Che senso potrà avere ancora in questo scenario il CCNL che cominciamo a trattare in questi giorni è sinceramente difficile dirlo.

Importante, quanto drammatica, sarà la composizione e l’orientamento del nuovo Parlamento che si insedierà dopo il voto del 4 marzo. Ci auguriamo che, dopo il porcellum in tema di legge elettorale, non ci tocchi assistere al porcellum in sanità, nelle forme di assistenza alle persone e nei rapporti di lavoro dei sanitari.

Nel 2018 il nostro Servizio Sanitario Nazionale compie quarant’anni: dobbiamo fargli riscoprire quei valori di universalità, uguaglianza ed equità di accesso alle cure che sono scritti nel primo articolo della sua Legge istitutiva.

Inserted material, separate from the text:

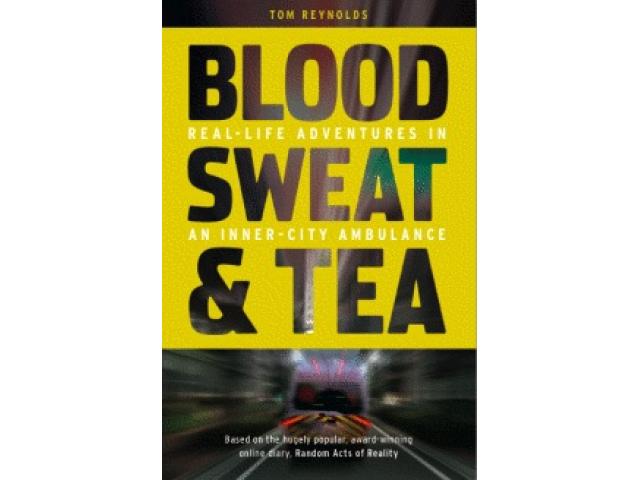 Free Book - Blood, Sweat & Tea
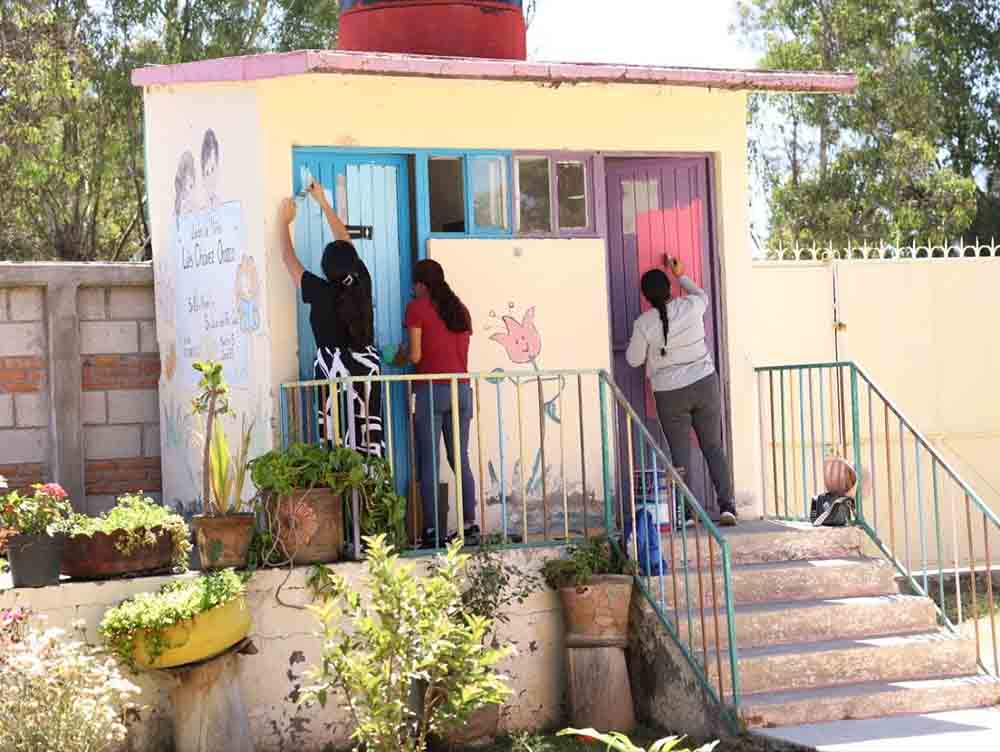 San Pablo Potrerillos recibe jornada con 130 solicitudes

Il senso originario del Titolo V, sulle materie riguardanti la salute, era quello di applicare l’articolo 32, che sancisce appunto la tutela del diritto alla Salute, secondo le peculiarità territoriali delle diverse Regioni. 

Questo senso è stato tradito da una gestione aziendalistica dei sistemi sanitari da parte delle Regioni, e il modello è fallito. 

Altrettanto fallimentare in quanto a capacità di premiare e motivare il personale è stata la gestione dei contratti di lavoro a livello regionale ed ancor più aziendale, laddove le risorse del personale sono state oggetto di uso improprio e clientelare, e spesso sono state sottratte al personale ed occultate nei bilanci.

Se occorre fare qualcosa per dare risposte migliori ad un paese diverso da quello in cui è nato il Ssn, quel qualcosa è riscrivere l’articolo 117  della Costituzione per garantire appieno il principio di sussidiarietà e i diritti fondamentali, ancora per poco forse, costituzionalmente protetti.

Invece sembra si voglia incrementare la diversità dei territori, declassare i diritti di intere popolazioni, dare sempre più corpo ad una deriva delle regioni che crea le premesse per smantellare l'universalismo e l'equità di accesso alle cure volute 40 anni fa dalla legge 833.

Probabilmente non sarà un compleanno felice.